Try our delicious bruschetta trio for a fun presentation at your 4th of July bbq! Our Traditional, Strawberry & Honey with Ricotta and Blueberry-Lemon are sure to give everyone a new favorite flavor!
Olive oil, as needed
Balsamic glaze or honey, drizzle
For the traditional:
5 tomatoes, diced
1 large bunch basil, chiffonade
Salt, to taste
Olive oil, to taste
1 clove garlic
For the Berry Ricotta:
1 pint strawberries or raspberries, diced if strawberries
2-4 tablespoons honey
1 tablespoons tarragon, diced
1 cup ricotta
For the Blueberry-Lemon:
1 jar blueberry-lemon jam (or your favorite blueberry jam)
1 container mascarpone cheese
1 serrano pepper, thinly sliced
Preheat oven to 375 degrees.
Prepare toast by cutting baguettes into slices. Brush both sides with olive oil and sprinkle with salt. Bake in oven until just starting to brown, making sure that they don't get too crispy or hard. Cut garlic in half and rub directly over toasts for the traditional (1 baguettes worth) Remove and let cool.
For the traditional: In a bowl, mix tomatoes, basil and salt. Let rest until ready to place on toasts. Just before placing on toast, add olive oil. Scoop out just the tomato topping with as little juice as possible onto toast. Then go back and drizzle some juice over the top of the finished bruschetta.

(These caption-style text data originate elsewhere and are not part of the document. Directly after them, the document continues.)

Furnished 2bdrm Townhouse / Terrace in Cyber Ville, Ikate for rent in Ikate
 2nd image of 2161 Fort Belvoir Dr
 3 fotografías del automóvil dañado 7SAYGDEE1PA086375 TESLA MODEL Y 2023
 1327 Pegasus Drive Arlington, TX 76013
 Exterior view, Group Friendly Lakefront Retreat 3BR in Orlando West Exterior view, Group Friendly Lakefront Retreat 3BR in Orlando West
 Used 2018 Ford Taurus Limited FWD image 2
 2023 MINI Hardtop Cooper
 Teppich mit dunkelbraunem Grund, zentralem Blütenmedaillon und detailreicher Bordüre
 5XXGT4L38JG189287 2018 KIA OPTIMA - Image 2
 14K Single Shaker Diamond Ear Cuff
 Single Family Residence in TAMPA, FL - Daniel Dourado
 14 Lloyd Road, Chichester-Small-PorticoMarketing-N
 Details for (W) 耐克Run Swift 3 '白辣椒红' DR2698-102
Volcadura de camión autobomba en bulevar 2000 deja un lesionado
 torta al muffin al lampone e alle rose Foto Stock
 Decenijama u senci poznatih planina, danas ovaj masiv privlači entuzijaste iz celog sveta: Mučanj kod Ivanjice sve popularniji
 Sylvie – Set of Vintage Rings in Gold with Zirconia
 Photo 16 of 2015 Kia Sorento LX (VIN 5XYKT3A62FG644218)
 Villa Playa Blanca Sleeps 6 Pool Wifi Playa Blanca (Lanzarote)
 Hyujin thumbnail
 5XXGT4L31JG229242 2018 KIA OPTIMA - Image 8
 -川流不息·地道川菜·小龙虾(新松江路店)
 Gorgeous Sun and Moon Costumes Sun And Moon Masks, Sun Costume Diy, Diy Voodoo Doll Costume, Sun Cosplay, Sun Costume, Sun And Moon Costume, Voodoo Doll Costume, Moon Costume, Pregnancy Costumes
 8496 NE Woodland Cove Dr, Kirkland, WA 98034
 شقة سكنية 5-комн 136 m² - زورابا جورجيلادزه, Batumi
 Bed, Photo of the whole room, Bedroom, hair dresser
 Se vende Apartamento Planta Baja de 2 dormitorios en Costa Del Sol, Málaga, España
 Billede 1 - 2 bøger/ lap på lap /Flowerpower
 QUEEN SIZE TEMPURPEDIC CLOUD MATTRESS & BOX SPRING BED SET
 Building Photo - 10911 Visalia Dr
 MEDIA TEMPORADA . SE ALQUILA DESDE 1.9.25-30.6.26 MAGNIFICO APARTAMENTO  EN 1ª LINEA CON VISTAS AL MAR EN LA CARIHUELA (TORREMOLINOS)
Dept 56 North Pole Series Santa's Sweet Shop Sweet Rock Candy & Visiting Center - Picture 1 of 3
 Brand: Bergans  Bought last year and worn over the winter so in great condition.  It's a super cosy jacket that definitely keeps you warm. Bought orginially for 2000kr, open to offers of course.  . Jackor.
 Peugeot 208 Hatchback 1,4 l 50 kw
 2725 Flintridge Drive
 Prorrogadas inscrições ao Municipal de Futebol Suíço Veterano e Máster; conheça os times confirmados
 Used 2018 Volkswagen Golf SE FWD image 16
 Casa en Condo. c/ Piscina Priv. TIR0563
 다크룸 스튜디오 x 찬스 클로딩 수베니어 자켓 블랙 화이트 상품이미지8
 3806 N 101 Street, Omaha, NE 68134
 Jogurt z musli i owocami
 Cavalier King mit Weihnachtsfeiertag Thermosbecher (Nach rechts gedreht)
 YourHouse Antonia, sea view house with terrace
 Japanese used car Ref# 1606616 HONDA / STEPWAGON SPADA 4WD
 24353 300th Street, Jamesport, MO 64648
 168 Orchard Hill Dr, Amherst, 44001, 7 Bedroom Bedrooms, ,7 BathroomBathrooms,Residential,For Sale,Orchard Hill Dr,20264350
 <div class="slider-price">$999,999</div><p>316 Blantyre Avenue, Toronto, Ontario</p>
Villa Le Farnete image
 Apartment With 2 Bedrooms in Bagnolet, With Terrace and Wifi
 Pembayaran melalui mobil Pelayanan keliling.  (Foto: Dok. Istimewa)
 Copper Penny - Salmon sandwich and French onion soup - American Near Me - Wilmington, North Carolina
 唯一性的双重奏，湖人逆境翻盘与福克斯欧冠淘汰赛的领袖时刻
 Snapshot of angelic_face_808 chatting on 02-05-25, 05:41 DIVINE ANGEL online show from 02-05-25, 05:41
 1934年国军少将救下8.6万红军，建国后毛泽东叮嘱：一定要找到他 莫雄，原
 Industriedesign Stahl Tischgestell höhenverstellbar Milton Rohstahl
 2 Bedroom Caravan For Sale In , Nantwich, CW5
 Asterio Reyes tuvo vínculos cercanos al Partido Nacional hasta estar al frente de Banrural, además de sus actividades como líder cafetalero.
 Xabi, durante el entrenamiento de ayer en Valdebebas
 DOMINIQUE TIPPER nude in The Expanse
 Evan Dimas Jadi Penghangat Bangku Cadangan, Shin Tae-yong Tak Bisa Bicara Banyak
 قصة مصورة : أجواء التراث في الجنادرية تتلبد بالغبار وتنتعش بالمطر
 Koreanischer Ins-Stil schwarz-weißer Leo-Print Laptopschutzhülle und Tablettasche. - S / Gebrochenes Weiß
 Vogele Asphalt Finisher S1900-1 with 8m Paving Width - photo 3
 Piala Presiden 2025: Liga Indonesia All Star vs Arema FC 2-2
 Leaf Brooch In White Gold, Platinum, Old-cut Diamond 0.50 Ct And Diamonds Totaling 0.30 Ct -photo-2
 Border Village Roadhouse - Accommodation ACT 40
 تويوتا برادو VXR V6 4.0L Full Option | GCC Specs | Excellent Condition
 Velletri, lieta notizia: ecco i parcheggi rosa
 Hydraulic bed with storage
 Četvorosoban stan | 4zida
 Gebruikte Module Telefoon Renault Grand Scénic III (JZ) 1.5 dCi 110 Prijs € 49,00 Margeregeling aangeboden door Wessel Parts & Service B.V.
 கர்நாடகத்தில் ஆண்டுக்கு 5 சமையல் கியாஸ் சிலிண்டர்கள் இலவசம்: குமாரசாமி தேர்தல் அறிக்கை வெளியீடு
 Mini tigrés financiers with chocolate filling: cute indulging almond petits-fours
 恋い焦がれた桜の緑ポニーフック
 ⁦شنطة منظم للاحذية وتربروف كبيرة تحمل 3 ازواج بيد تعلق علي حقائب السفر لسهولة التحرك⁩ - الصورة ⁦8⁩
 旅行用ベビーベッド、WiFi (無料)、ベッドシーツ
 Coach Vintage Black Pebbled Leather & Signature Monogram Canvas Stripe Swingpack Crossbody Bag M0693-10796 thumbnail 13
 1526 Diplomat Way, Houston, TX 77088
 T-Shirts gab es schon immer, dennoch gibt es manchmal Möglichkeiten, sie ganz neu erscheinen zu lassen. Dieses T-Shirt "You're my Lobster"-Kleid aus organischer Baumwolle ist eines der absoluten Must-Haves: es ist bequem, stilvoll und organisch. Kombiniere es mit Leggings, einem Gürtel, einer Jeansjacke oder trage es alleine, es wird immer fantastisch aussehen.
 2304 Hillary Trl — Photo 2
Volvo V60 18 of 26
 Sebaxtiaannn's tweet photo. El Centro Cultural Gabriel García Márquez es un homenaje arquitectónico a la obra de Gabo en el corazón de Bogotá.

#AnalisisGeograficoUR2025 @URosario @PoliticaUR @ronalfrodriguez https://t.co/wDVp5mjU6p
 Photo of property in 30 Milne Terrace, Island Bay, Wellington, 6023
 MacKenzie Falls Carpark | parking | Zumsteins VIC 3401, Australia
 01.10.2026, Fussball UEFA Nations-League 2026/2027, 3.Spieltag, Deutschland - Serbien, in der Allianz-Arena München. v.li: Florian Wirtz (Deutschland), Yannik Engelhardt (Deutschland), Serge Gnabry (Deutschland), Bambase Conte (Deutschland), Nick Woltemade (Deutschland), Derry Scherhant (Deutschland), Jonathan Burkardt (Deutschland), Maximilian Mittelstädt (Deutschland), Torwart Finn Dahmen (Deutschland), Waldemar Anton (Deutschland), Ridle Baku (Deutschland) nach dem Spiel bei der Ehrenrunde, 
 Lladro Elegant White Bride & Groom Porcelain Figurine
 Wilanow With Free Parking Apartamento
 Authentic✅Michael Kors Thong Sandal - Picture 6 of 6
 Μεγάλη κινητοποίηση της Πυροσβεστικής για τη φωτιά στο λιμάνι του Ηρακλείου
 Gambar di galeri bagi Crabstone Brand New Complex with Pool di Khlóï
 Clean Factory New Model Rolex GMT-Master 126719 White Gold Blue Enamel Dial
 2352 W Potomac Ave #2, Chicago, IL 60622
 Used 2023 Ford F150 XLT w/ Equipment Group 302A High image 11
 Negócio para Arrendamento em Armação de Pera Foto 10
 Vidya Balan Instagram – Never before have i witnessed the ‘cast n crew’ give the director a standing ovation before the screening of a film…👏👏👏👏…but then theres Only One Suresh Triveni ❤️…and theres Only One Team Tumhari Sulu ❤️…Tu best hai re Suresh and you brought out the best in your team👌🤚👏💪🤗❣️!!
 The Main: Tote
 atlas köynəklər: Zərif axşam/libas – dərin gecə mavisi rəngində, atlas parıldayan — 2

For the berry ricotta: In a bowl, mix together berries, honey and tarragon. Spread a tablespoon of ricotta onto the toast, then top with berry mixture.
For the blueberry-lemon: Spread some mascarpone on toast. Top with a dollop of jam, then top with a slice of serrano pepper.
Place all three brushettas on a large platter or cutting board. Drizzle over the top with honey or balsamic (or both!) and enjoy!